DATASET EXCERPTS Block Start

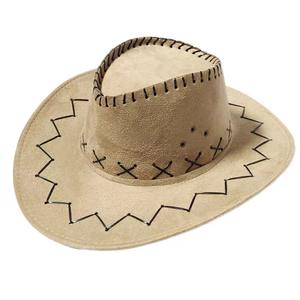 Sombrero de Vaquero Unisex de Ala Ancha, Poliéster/Algodón, Transpirable, Protección Solar, Primavera/Verano, Ciclismo al Aire Libre, Casual, Adulto, 56-58CM - Product Image 5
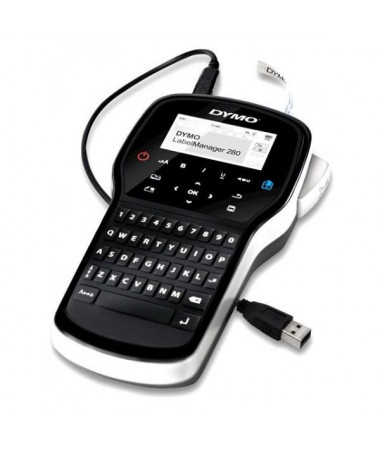 DYMO LabelManager 280 label printer Thermal transfer D1 QWERTY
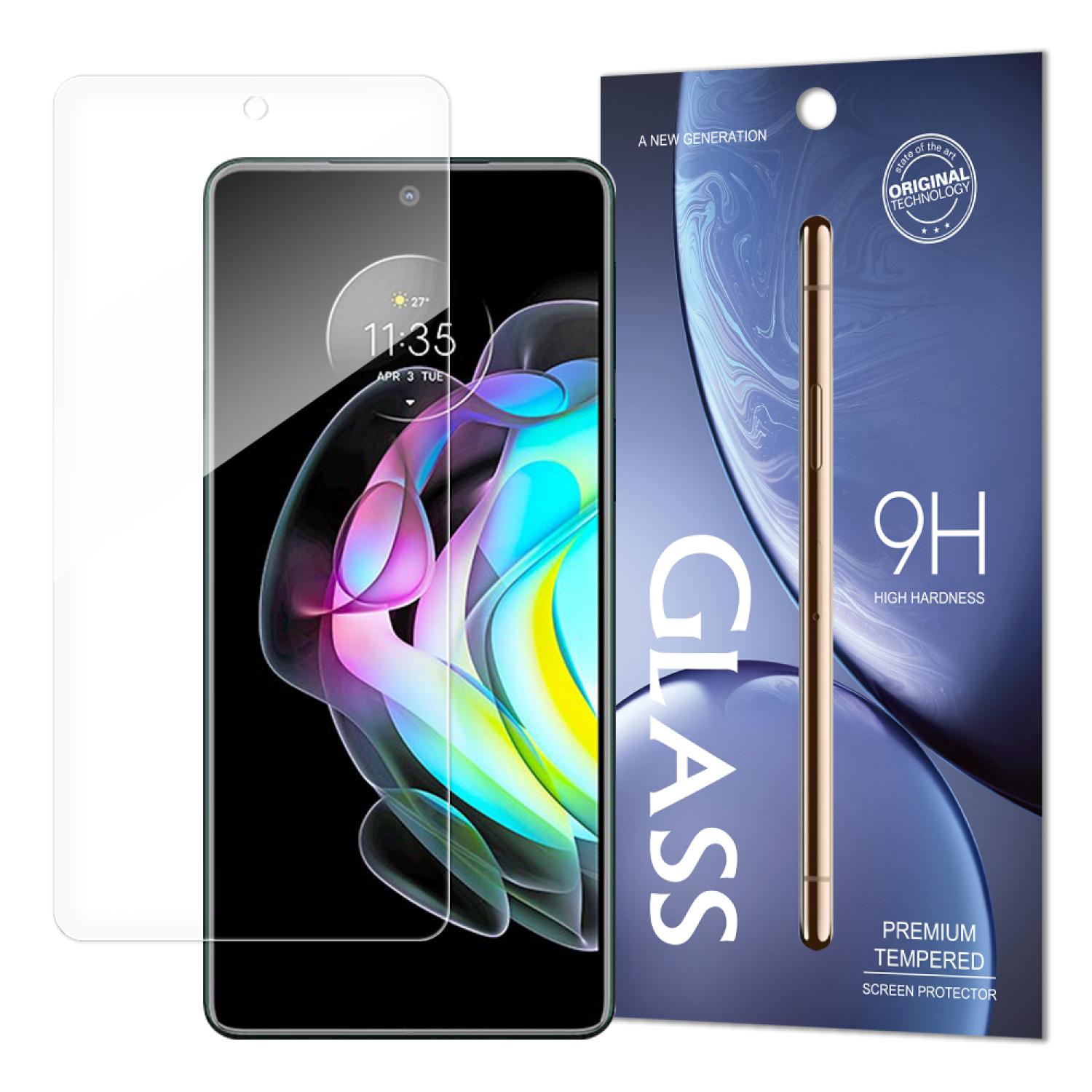 Vetro Temperato 9H per Motorola Moto Edge 20 - Permatoma
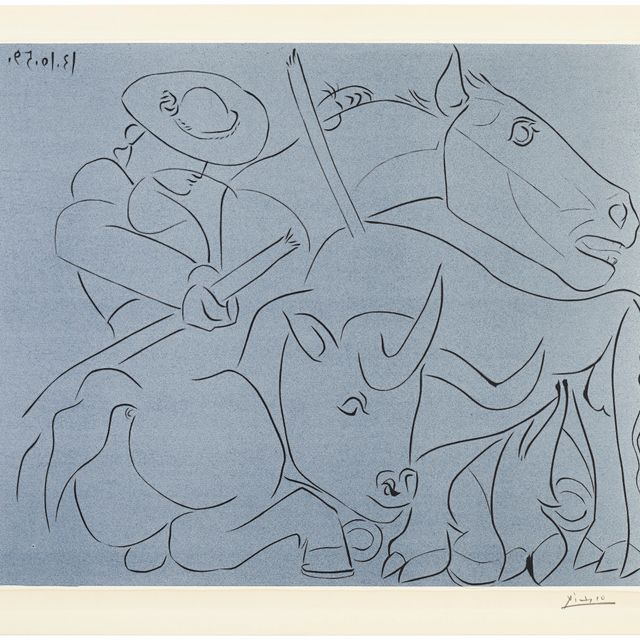 Pablo Picasso — Запеканка из Пике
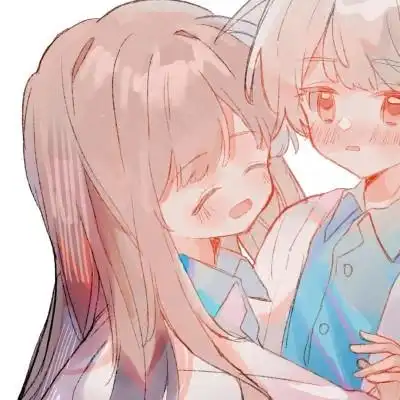 超耐看情侣头像动漫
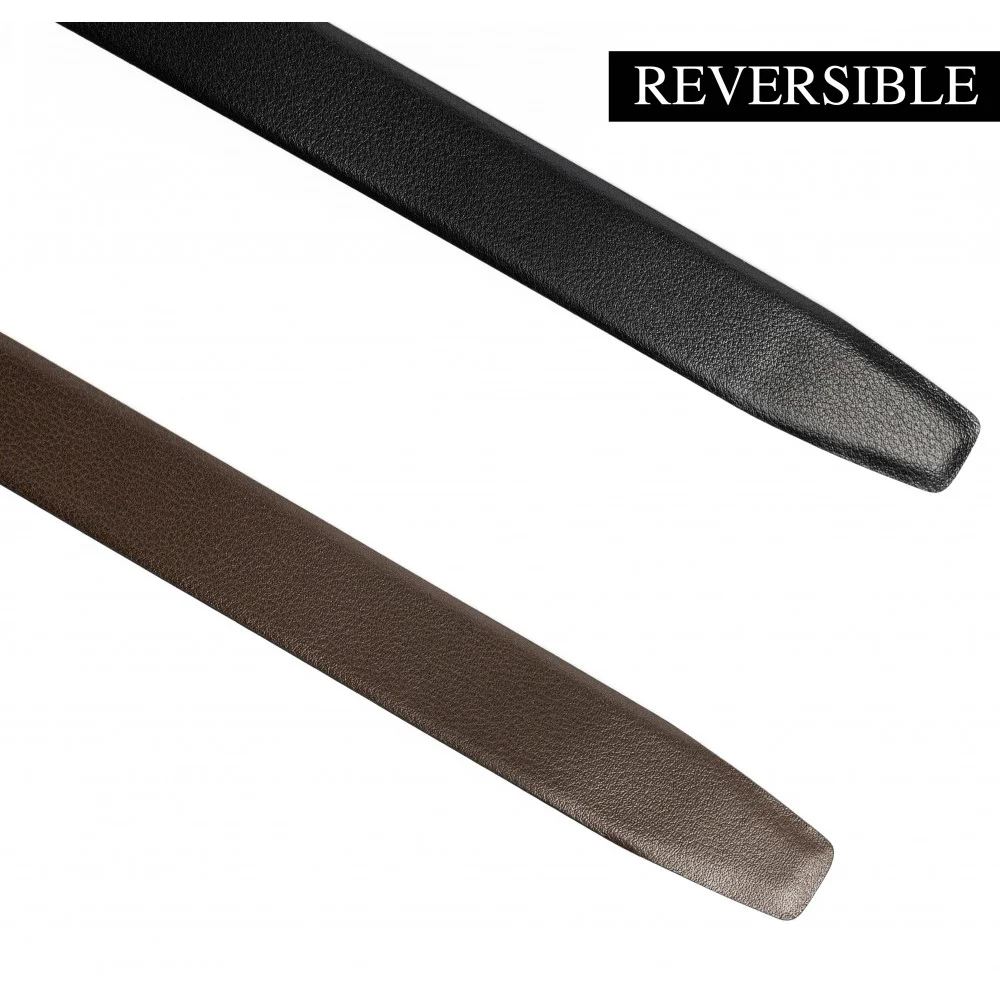Men's Reversible Italian Leather Belt (LC1U004)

DATASET EXCERPTS Block End

- **TASK BRIEF**: When you copy the entries, keep every word exactly as it stands and drop any pictures.

- **RESULT OF THIS EXERCISE**:
 Sombrero de Vaquero Unisex de Ala Ancha, Poliéster/Algodón, Transpirable, Protección Solar, Primavera/Verano, Ciclismo al Aire Libre, Casual, Adulto, 56-58CM - Product Image 5
 DYMO LabelManager 280 label printer Thermal transfer D1 QWERTY
 Vetro Temperato 9H per Motorola Moto Edge 20 - Permatoma
 Pablo Picasso — Запеканка из Пике
 超耐看情侣头像动漫
Men's Reversible Italian Leather Belt (LC1U004)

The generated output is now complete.